In the summer of 1931 Ben Nicholson and Barbara Hepworth met on a seaside holiday in Happisburgh, Norfolk, where they were staying with a group of artist friends but without their respective spouses (Winifred Nicholson and John Skeaping). They quickly fell in love. In March 1932, Nicholson moved into Hepworth's studio in Hampstead, where this work was made.
1932–34 (head) was created using the printmaking technique of linocut – a variant of woodcut in which an image is cut into the surface of a sheet of linoleum which is then inked with a roller and impressed onto paper or fabric. In this work, the image is printed straight onto a sheet torn from a notebook. The holes from the binder are still visible at the bottom of the page.
The simple inscription, 'for Jim, from Ben', suggests that the print was given directly by the artist to Jim Ede, the founder of Kettle's Yard. Nicholson and Ede were almost exact contemporaries, only a year apart in age. They met in the early 1920s, when Ede was a junior curator at Tate, living with his wife Helen on Elm Row in Hampstead, in a large house which became a lively meeting place for artists.
Ben Nicholson would regularly turn up to the Edes' house with his canvasses in tow. At the time he struggled to sell, or even give away, his works. Ede would buy them for little more than the cost of the frame. Ede was a firm supporter of Nicholson and there are over 60 works by him in the Kettle's Yard collection.

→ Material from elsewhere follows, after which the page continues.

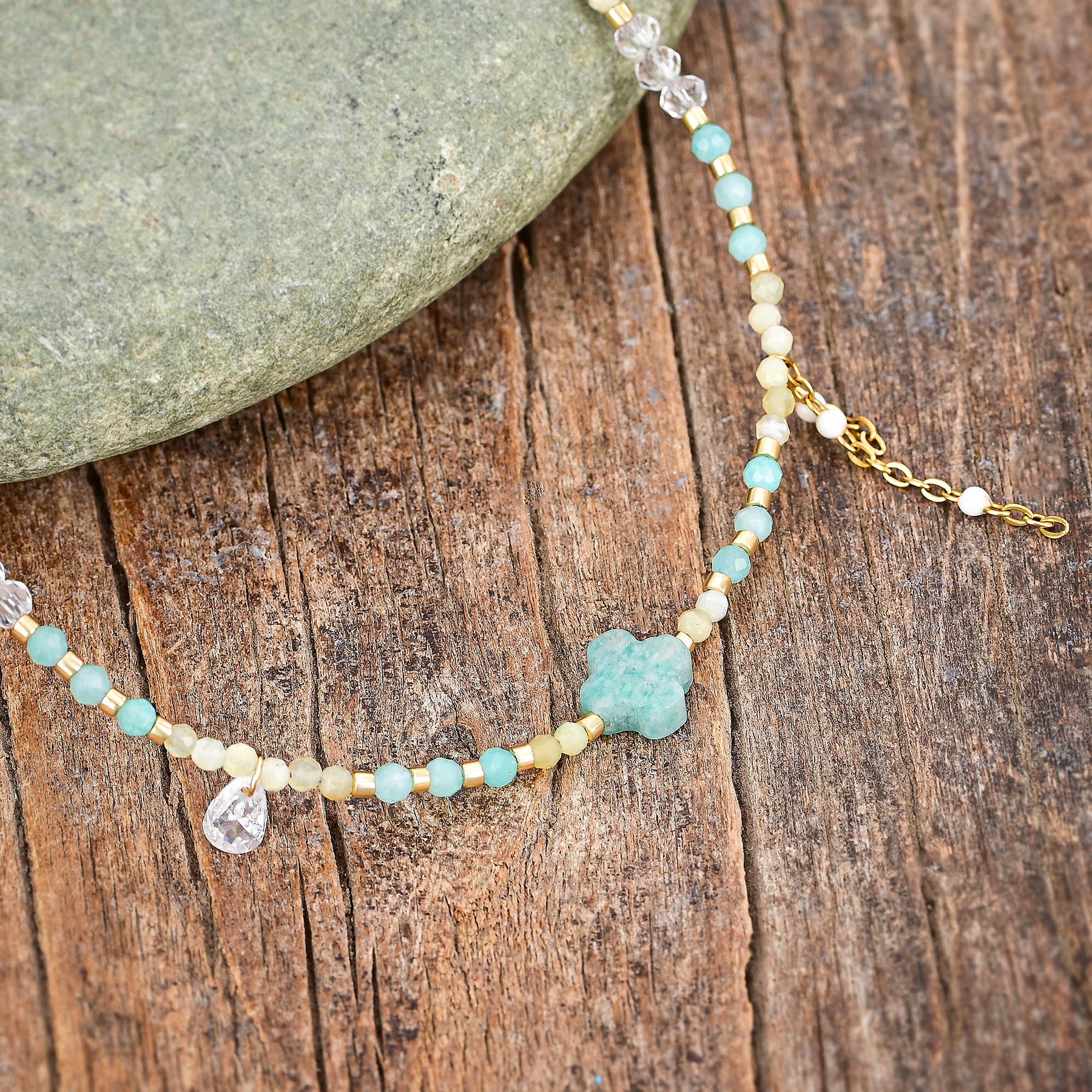 Natural Amazonite Clover & Yellow Citrine Bead Anklet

head hangs in the library at Kettle's Yard – in the same spot where Ede left it when he and Helen retired to Edinburgh in 1973. There are many other versions of the print. Three separate impressions appear in a picture of Nicholson's studio by photographer Paul Laib from 1934.

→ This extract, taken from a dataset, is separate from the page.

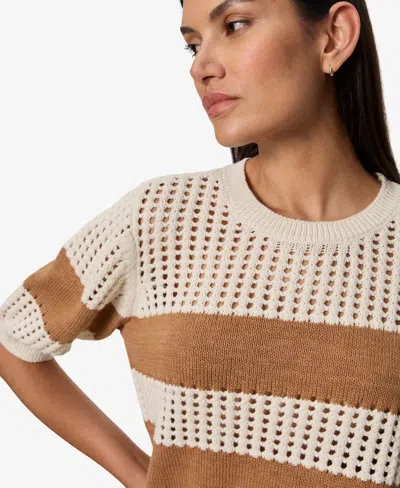 Sanctuary Beachside Openwork Stripe Sweater In Neutral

The fact that three versions hung in Nicholson's studio suggests that the print's multiplicity was part of the artist's process of experimentation. The depth and evenness of the ink varies from one version to the next. So does the colour: some are a deep black, like the one at Kettle's Yard, while others are blue.
In at least one of the versions, the face has been printed twice, creating a double image.

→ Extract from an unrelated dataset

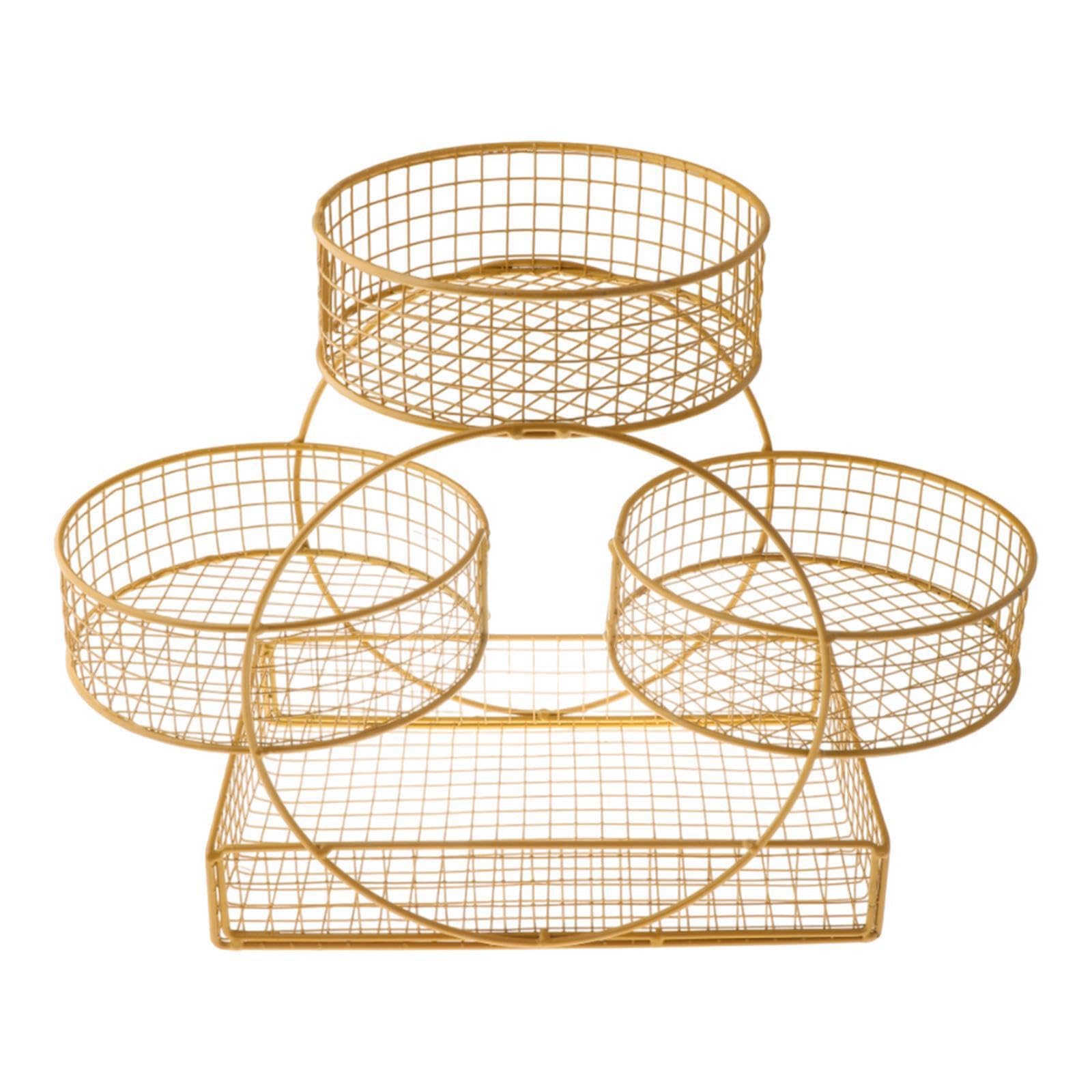 QLECXZI Multi Tier Iron Mesh Basket Stand Storing And Displaying Fresh Fruits Vegetable Snacks Conveniently Which Helps Fruit Fresher For Longer Onion Potato, Golden, 30x20x31cm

This relates the print to a similar work, also in the Kettle's Yard collection: 1933 (profiles). The same image appears in a series of linocut fabric pieces titled princess. Hepworth's likeness therefore became a motif in Nicholson's practice, repeated over and over again both across and within the works. Hepworth, too, began to depict profiles in her increasingly abstract sculptures – often in the form of two interlocking figures.
Hepworth had a transformative impact on Nicholson's work. Together, the couple travelled around Europe, encountering many of the most avant-garde artists of the day: Joan Miró, Constantin Brâncuși, Georges Braque, Piet Mondrian and Picasso. Several elements in 1932–34 (head) reveal Nicholson's stylistic debt to Picasso at this time: the head in profile, the repeated use of lines, the spiral-pupiled eye.
Nicholson was introduced to Cubism on a visit to Paris in 1921, and in the following years, his still lifes took on aspects of the style, with the shapes of his jugs, mugs and goblets becoming flatter and more abstracted.
Another influence from this time was the Cornish artist Alfred Wallis, whose roughly textured surfaces Nicholson emulated after first encountering the artist in 1928.
In 1933 Nicholson and Hepworth joined 'Abstraction-Création' – a loose association of artists formed in Paris to challenge the influence of the Surrealist movement led by André Breton. Nicholson's membership in this group is perhaps surprising because head, made the same year, is quite Surrealist in style. The composition of the work, with what looks like a string dropped onto a piece of paper, fits with the Surrealist technique of spontaneous image-making.
A year later, in 1934, Nicholson made his first geometric 'white relief' in painted wood, using only circles and straight lines. These works were among the most original examples of abstract art made by a British artist at that time and placed him as a foremost proponent of British Constructivism, along with Hepworth.
Like the looping patterns within the image, head has multiple, intertwined meanings. It marks a critical moment in Nicholson's career and crystallises the artistic exchange and collaboration in Nicholson and Hepworth's relationship. It is also a simple and beautiful expression of Nicholson's love for Hepworth – one that he performed repeatedly, like an act of devotion.